Laura Tiu, of the Ohio State University Research Extension Center in Piketon,
can be reached via email at tiu.2@osu.edu or
by calling (740) 289-2071
Ohio's farmers expand into
shrimp aquaculture
By
Fran Henry
The [Cleveland] Plain Dealer
File this under W for "Who knew?"
Shrimp. Raised in Ohio. For sale.
Sure, you have to do the dirty work,
separating the tails from the heads,
but you'll be getting
the freshest shrimp possible - within minutes
of capture. And they're jumbo, as in 10
or less to the pound. The biggest can
weigh
a quarter- pound each.
They taste good, too, perhaps milder than
marine shrimp, and they cook up more quickly
than what we're used to finding in the
stores. Most of the shrimp Americans find
in the
stores, by the way, comes frozen from Asia
and South America.
The only problem with these freshwater
Ohio-raised shrimp - Malaysian prawn, to
be exact - is
that they're harvested just once a year,
around the third weekend of September,
and they're not available in grocery stores.

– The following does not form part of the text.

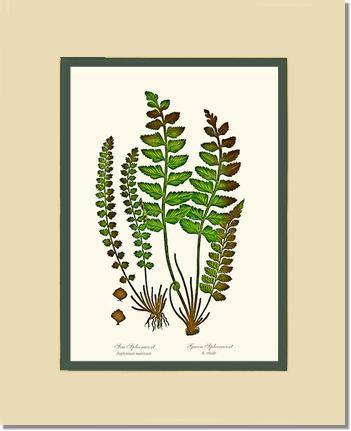 Spleenworts Botanical Wall Art Print-Charting Nature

If you want some, you have two choices:
Go to the farms where they're raised or
go to
the fourth annual Ohio Fish & Shrimp
Festival in Urbana. The shrimp cost around
$8 a pound.
The competition to buy is pretty stiff,
New London shrimper Bob Calala said.
"
It's first-come, first-served, bring your
own ice and coolers. One guy in St. Marys
sold over 500 pounds of shrimp in less than
an hour," he said.
The good news is that since 2001, when
the first two Ohio farmers began to raise
shrimp,
their numbers have grown to around 25,
with 12 licensed to sell their harvests.
The number
of farmers raising various kinds of fish
has grown from 33 to 150.
Shrimping is a good way for farmers to
add another new stream of income, said
Laura
Tiu, aquaculture specialist at the Ohio
State University Research and Extension
Center
in Piketon. An acre of pond can yield $2,000
to $5,000 of shrimp.
Ohio's growing season is short, 45 to 60
days, and they require little labor, maybe
20 minutes or so a day tossing in the feed.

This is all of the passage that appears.